It's lock-in. It's lock-in for customers. It's hand-constructed. It doesn't allow for the freedom of choice and optionality to customers, right? Existing solutions that do not address customer challenges around cost inefficiency, lack of choice, mobility, and portability of apps, data, and license. We believe that Nutanix Clusters is the first of its kind that bridges private and public clouds in a simple, seamless way that has cost intelligence built-in and enables true portability of workloads across multiple private and public clouds. The last point I really want to hit even harder on is we were the pioneers in the CI category a decade ago, and now we are creating this new category called hybrid cloud infrastructure, which is really a seamless transition from hyper-converged infrastructure on-premises to building this backbone for hybrid cloud for customers.

On 26, if you want to get your hands on this, it's really easy. If you want to test drive Nutanix Clusters, you can go today to nutanix.com/cluster/testdrive/clusters and basically get a self-guided walk-me experience of the entire way of building a hybrid cloud, connecting to AWS, being able to manage it with a single plane, see how easy it is to move apps and data, and see the cost visibility that you can get and governance and intelligence that you can get built in. This is a completely free experience. It's zero touch. All you need is a browser. No hardware, no software, no cost to any of our prospects and users who want to try this out. In addition, we also offer a 30-day free trial of Nutanix Clusters. That's available on AWS bare betal.

To date, we've seen almost 1,500 test drives taken for Clusters and 200 trials signed up. We've already seen great momentum of people wanting to try the technology and getting their hands on it. As I mentioned earlier, the test drives that we've built in the last year all run on GCP, today using nested virtualization. Now that they have a bare metal offering, we're looking at their bare metal offering to see how we can also support that as well. Those were my prepared remarks. I'm happy to take any questions. Madhukar is going to join me as well so we can answer questions together. Of course, Tanya is here too. Thank you for your time.

Tonya Chin
Head of Investor Relations, Nutanix

Thank you, Monica. Oh, I was just going to turn it over to the operator so we could get to Q&A.

Operator

Thank you. Thank you. As a reminder, to ask a question, you will need to press star one on your telephone. To withdraw your question, press the pound or hash key. Please stand by while we compile the Q&A roster. Your first question comes from Aaron Rakers with Wells Fargo. Your line is open.

Aaron Rakers
Managing Director and Technology Analyst, Wells Fargo

Yeah. Thanks for doing the presentation. Thank you for taking the question. I guess the first question I just want to ask is, can you just walk us back through how this is priced, the subscription model? What's the typical terms that you're seeing customers kind of think about for Clusters deployments? As it relates to AWS, I believe in August when you introduced or announced it, I think there were 20 regions available. Just give us an update of where that stands as far as expansion with AWS and when do we expect Microsoft to go GA. Thank you.

Monica Kumar
SVP of Marketing, Nutanix

Sure. Let me start with the pricing model. Madhukar, feel free to chime in. There are three ways for our customers to subscribe to Nutanix Clusters. One, as I said, which we are really proud of, is this completely bringing your own license. Customers can choose to bring their subscription term licenses from on-prem into the cloud. That is one way. They can also select a pay-as-you-go pricing model, right? Only pay for what you use, which mirrors the public cloud consumption model. The third model is the cloud commit model, where if they know what their consumption would be, they can commit for a certain term, a year, for example, a year's worth of term. There would be volume discounting based on that.
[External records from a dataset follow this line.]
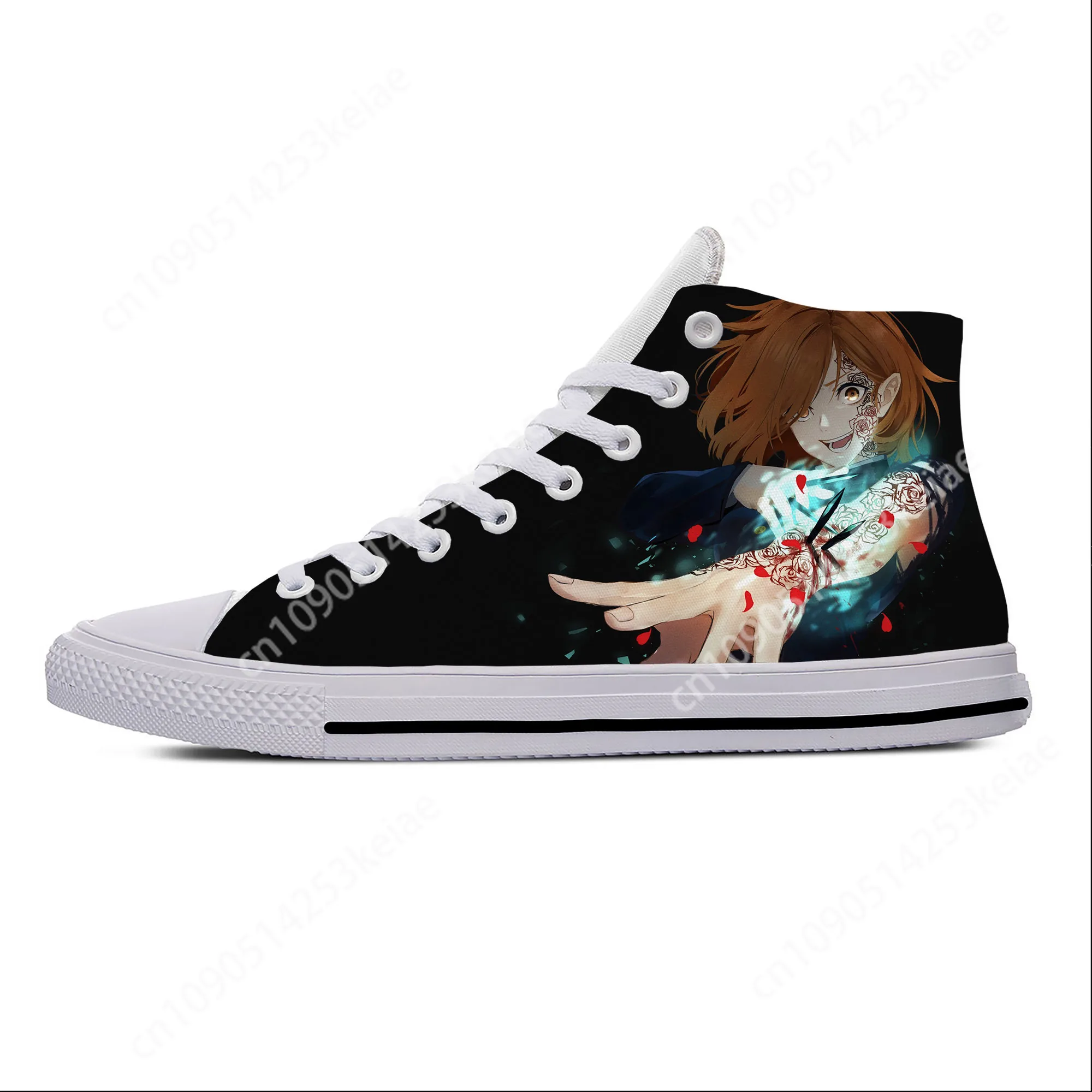 Hot Japanese Anime Jujutsu Kaisen Kugisaki Nobara Casual Shoes High Top Breathable Men Women Sneakers Lightweight Board Shoes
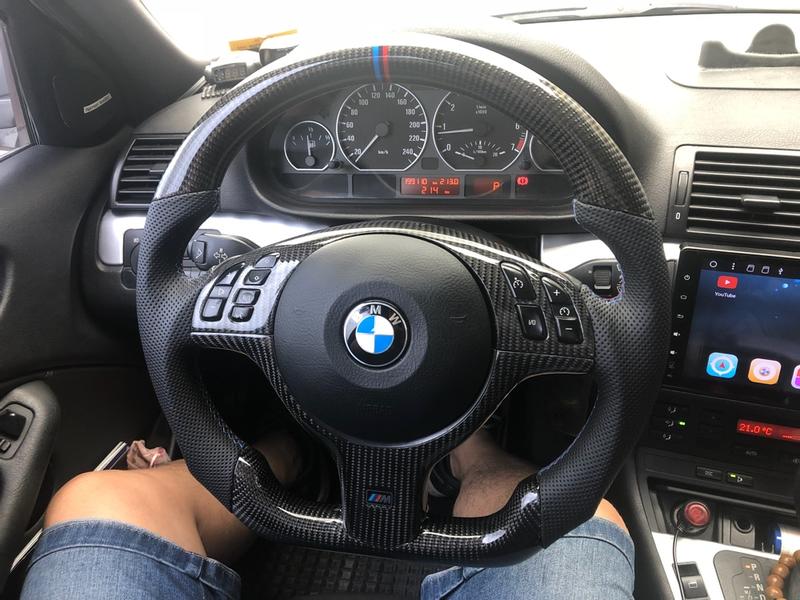 BMW E46/E39/E53 （全新）正碳纖維M版方向盤，客製化，非Harmann/RD/AC/Hartge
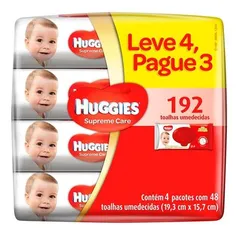 Lenço Umedecido Huggies Supreme Care Leve 4 Pague 3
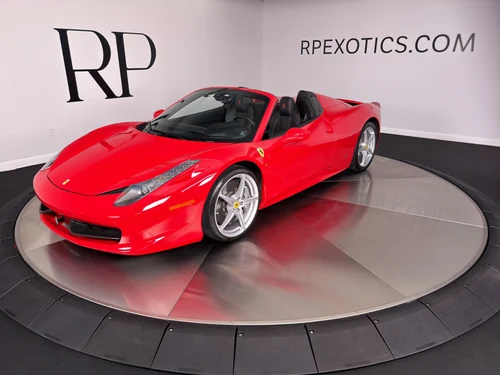 
           
        2012 Ferrari 458 Spider
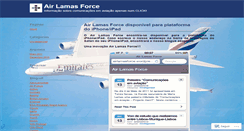 Desktop Screenshot of airlamasforce.wordpress.com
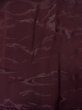 Photo3: O0117D Vintage Japanese kimono Dark Purplish Dark Red IROMUJI plain colored for women / Silk.  There are stains.  (Grade C) (3)
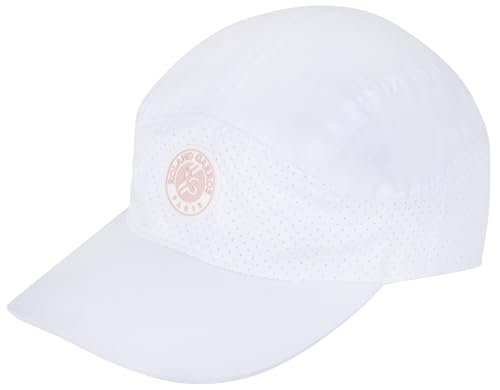 Casquette Roland Garros femme performance blanche avec taille réglable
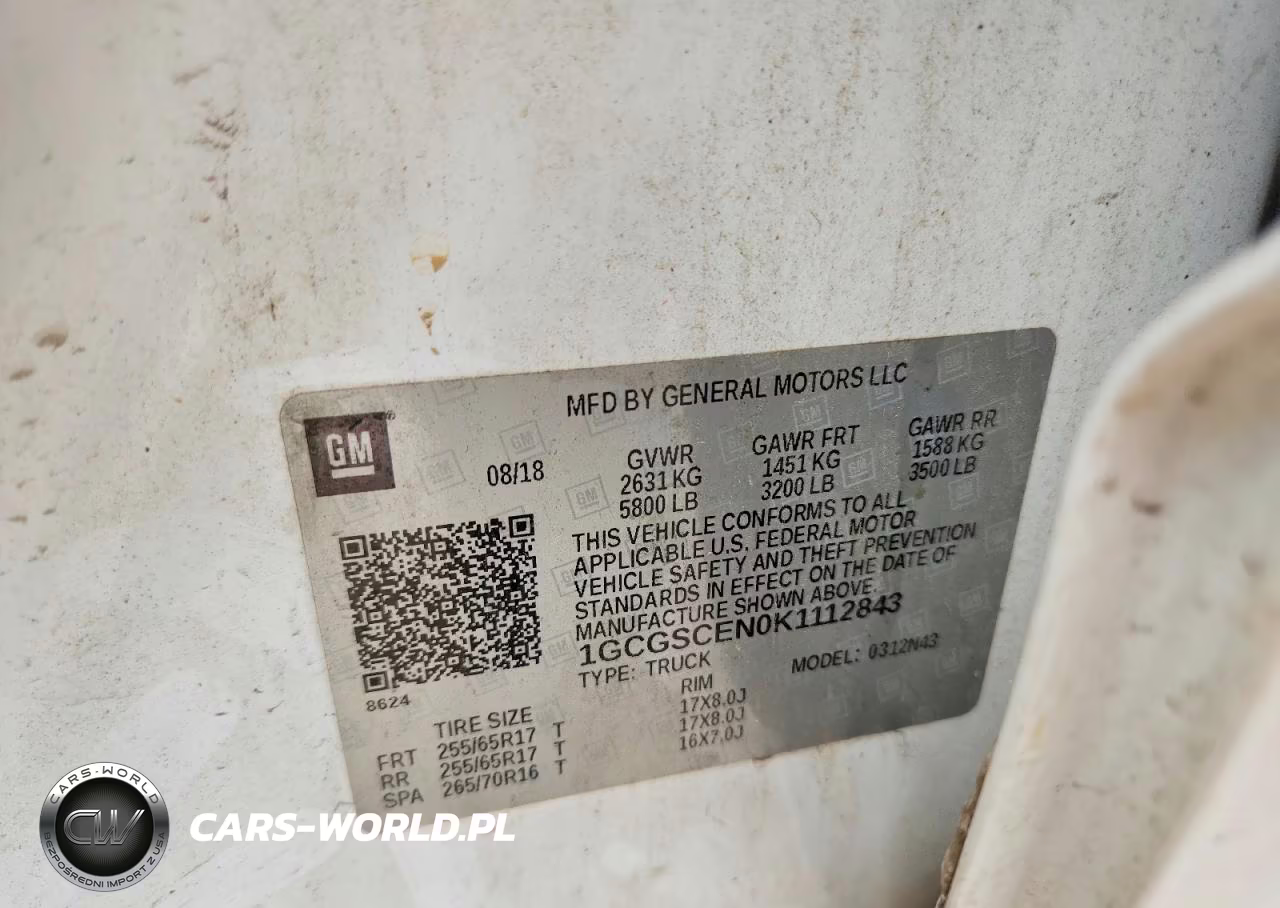 2019 Chevrolet Colorado Lt VIN:1GCGSCEN0K1112843 - 12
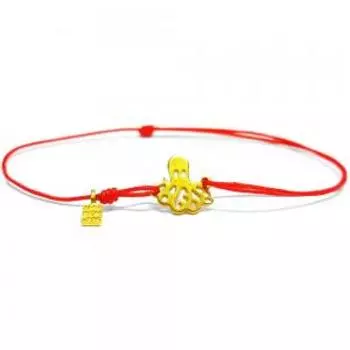 Браслет Осьминожка, золото 585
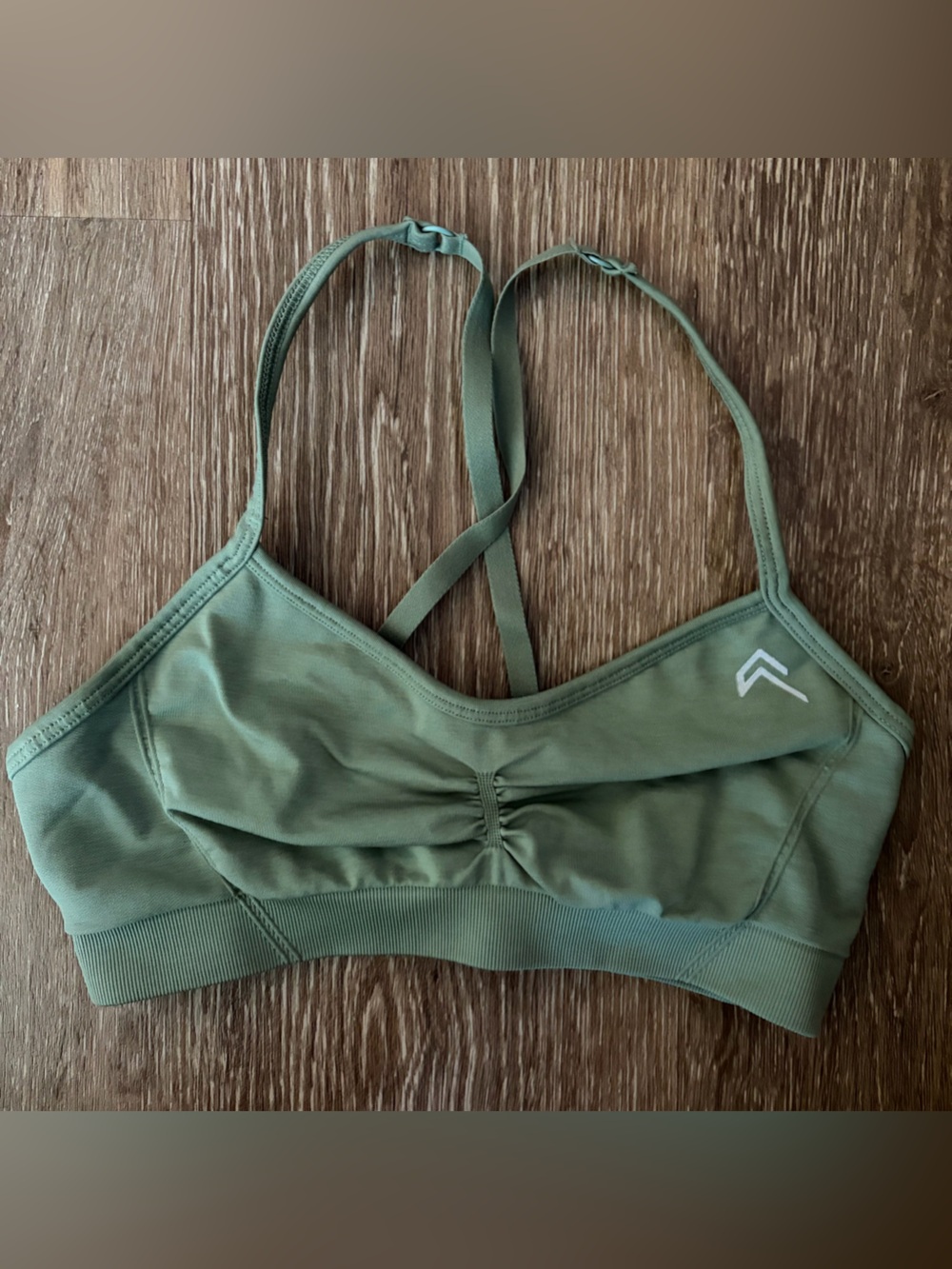 Oner Active Sage Green Strappy Sports Bralette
Those are the three sort of models: term-based license, pay-as-you-go, which is an hourly pay-as-you-go, and cloud commit, which is a one-year term with some volume discounting baked into it. Your second question, sorry, was about availability.

Aaron Rakers
Managing Director and Technology Analyst, Wells Fargo

Yeah. AWS and Azure.

Monica Kumar
SVP of Marketing, Nutanix

Exactly. AWS and GA, I don't know about the rest. You know about the we already have available in 20 regions around the world. I don't know if.

Aaron Rakers
Managing Director and Technology Analyst, Wells Fargo

Yeah.

Monica Kumar
SVP of Marketing, Nutanix

The expansion plans. I don't know if you want to add to that.

Madhukar Kumar
VP of Product Marketing, Nutanix

Sure. In terms of regions availability, we support anywhere that AWS supports bare metal. If you think about it, really, when our customers go in and create a cluster, they're choosing a bare metal. Wherever bare metal is supported by AWS, we support that as well. The third question, I think, was related to GA with Azure. We have been actively working very closely with the Microsoft team and the Azure team. We are currently in a selected technical preview, and we are very close to public availability of preview as well. Right after that, we will be going to GA. I cannot give you an exact date, but we're looking to do it very shortly.

Aaron Rakers
Managing Director and Technology Analyst, Wells Fargo

Okay. Thank you.

Monica Kumar
SVP of Marketing, Nutanix

Yeah. I just add to that that because we know how important Azure is to our customers. This is something we are working on actively.

Operator

Our next question comes from Alex Kurtz with KeyBanc Capital Markets. Your line is open.

Alex Kurtz
Managing Director, KeyBanc Capital Markets

Yeah. Thanks for taking the question. I just wanted to follow up on what Aaron, the line of question Aaron just had. When the sales organization is going in to talk to customers about a new subscription for on-prem, whether it's a one, two, or a three-year deal, how is Clusters being included in that discussion? Is it kind of coming in afterwards, after they've decided to deploy on-prem and want to have this ability to flex to the cloud? Or is there some bonus or accelerator to include this in the mix as the reps go to market this year? Just trying to understand kind of the sales force motion with this product and how it relates to your existing on-prem selling motion.

Monica Kumar
SVP of Marketing, Nutanix

Sure. I mean, as we all know, the cloud has now become part of every conversation. I mean, when I say cloud, I mean public cloud, hybrid cloud. They are no longer conversations only spanning on-prem data centers. I mean, there are very few of those, if any. The fact that we now have a real offering in the market, which is publicly available, gives our sales reps a great conversation starter and also helps customers think a long-term plan in where their workloads may reside. The beauty of Nutanix is they do not need to know today what workload is going to run where, right? They can decide as they deploy those workloads and decide on the fly, "Hey, I want to run this in AWS today." They do not even have to come back to us.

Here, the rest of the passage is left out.